The CMA was tasked with investigating UK fuel prices after concerns emerged that March’s 5p cut in fuel duty was not being passed on to motorists. Now in its “emerging analysis” it has concluded that prices have been more volatile than at any other time on record - rising by 50 per litre between January and June before falling back by 31p for petrol and 14p per diesel.
It also found that the gap in cost between petrol and diesel was at its widest point, with unleaded 24p per litre cheaper on average. It said western Europe’s dependence on imported diesel from Russia but not petrol was largely to blame for the huge gap.

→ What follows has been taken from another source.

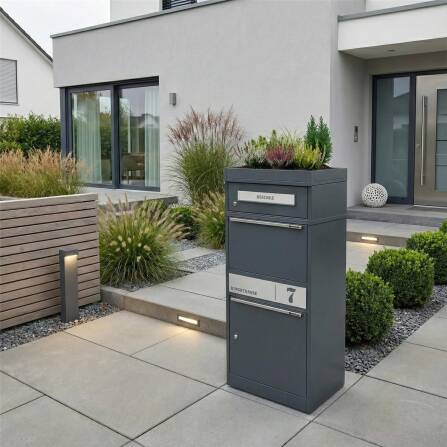 Metzler Paketbox mit Pflanzdach | RAL 7016 Anthrazit | personalisiert mit Gravur | Edelstahl-Namensschild | mit Briefeinwurf | Bispo 2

Sarah Cardell, interim chief executive at the CMA, said: “It has been a terrible year for drivers, with filling up a vehicle now a moment of dread for many. The disruption of imports from Russia means that diesel drivers, in particular, are paying a substantial premium because of the invasion of Ukraine. A weaker pound is contributing to higher prices across the board, too.

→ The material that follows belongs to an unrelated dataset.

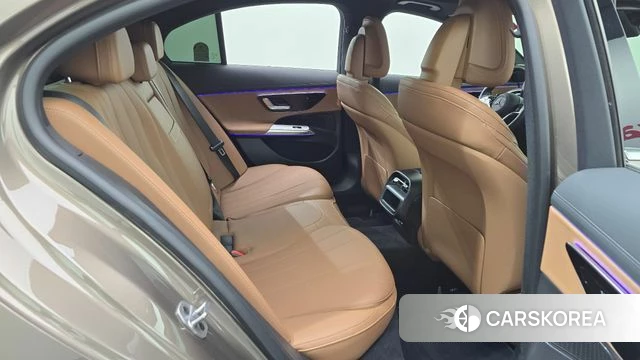 Mercedes-Benz E-Class W214 2025 Коричневый из Кореи, фото 2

“There are no easy answers to this. The question for the CMA is whether a lack of effective competition within the UK is making things worse. Although it is only a small proportion of the overall price, the increase in margins for many fuel retailers over the last few years is something we need to investigate further.”

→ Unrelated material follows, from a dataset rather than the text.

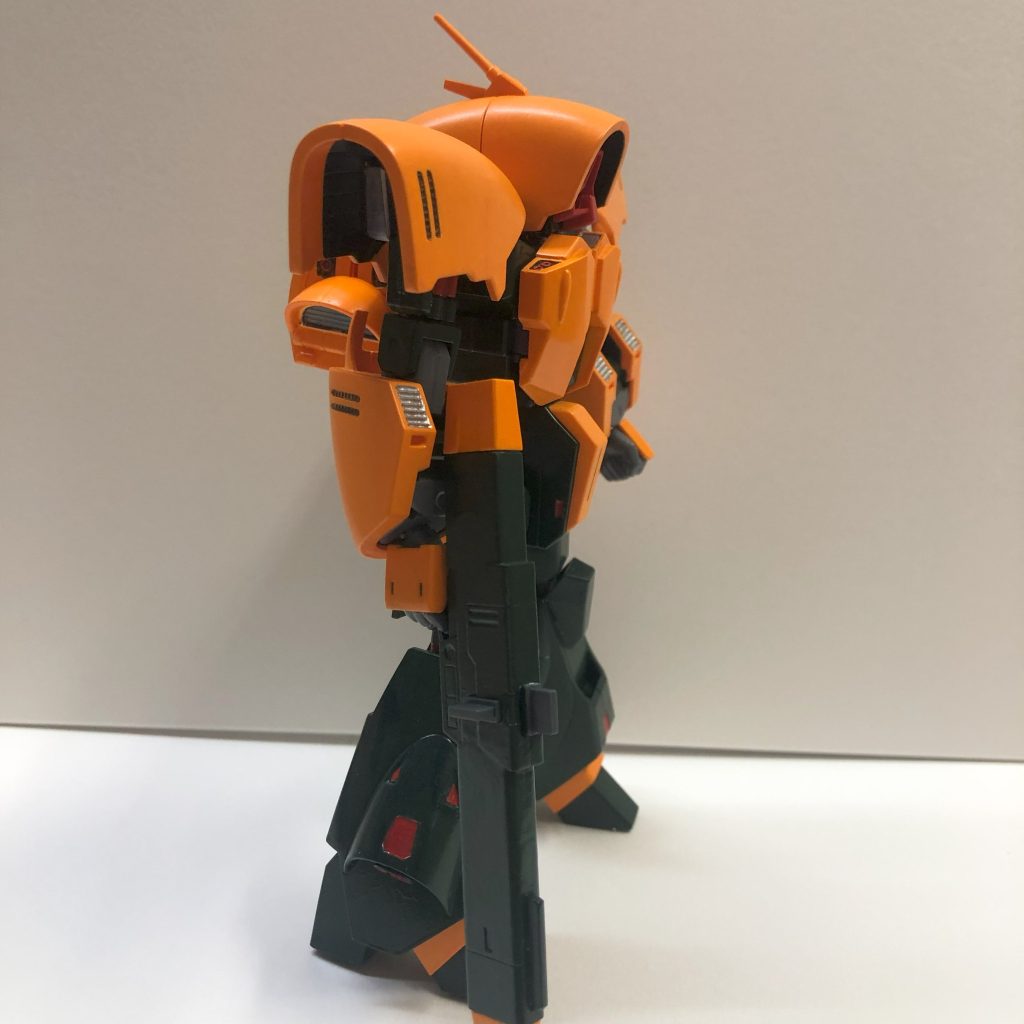 これは自分の信念というか好みなんですが、基本的にはアニメカラーでいてほしいんですよねなので説明書のカラーにはふっつーにイエローが推されていましたが、そんなの無視してオレンジ系でいきました最初は塗料の種類の違いもわからずアクリル系を買って筆を3本戦死させたり、いきなり色を塗って着色せず(´-ω-`)???となったり様々な洗礼を浴びてしまいました試行錯誤と調査の結果、ホワイトサーフェイサーを塗ってから本塗装するという解にたどり着きましたが合ってんですかね??やや不安装甲内部なども最初は自力(!!!)で塗分けていましたが、あとからマスキングテープを使えばいいという答えにたどり着きましたとてもむなしかった…ww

The CMA also found evidence of ‘rocket and feather’ pricing over the last year, whereby prices rise like rockets and fall like feathers, which had particularly happened with diesel. The CMA said it would “investigate this further” but said it had found “no evidence” of this pricing approach before 2022.
The RAC’s fuel spokesman Simon Williams disagreed, saying he believed there was clear evidence of the practice in 2018, 2019 and 2021. He added: “Volatility has unquestionably been an issue in fuel pricing since Russia invaded Ukraine but when wholesale prices trend down for weeks at a time drivers should see pump prices do the same at a similar rate – unfortunately our data shows that this is not often the case. What’s happening now – as it was last December – is a massive downward shift in the price of wholesale fuel with a slow dropping of forecourt prices. Consequently, drivers are set for a more expensive time on the roads this Christmas than it should be.
“The wholesale price of petrol has fallen from 130p a litre at the beginning of October to 109p yesterday – a drop of 21p. Meanwhile, the average price of unleaded at the end of October peaked at 166.88p, but has to date only fallen 8p to 158.91p. Even accounting for the accepted lag for cheaper wholesale prices to filter through to forecourts, this is too slow, particularly as the biggest retailers buy new stock so often. “The situation with diesel is even worse as it has plummeted by 33p over the same period but the average retail price has only come down by 8.4p from 191.12p to 182.71p yesterday.”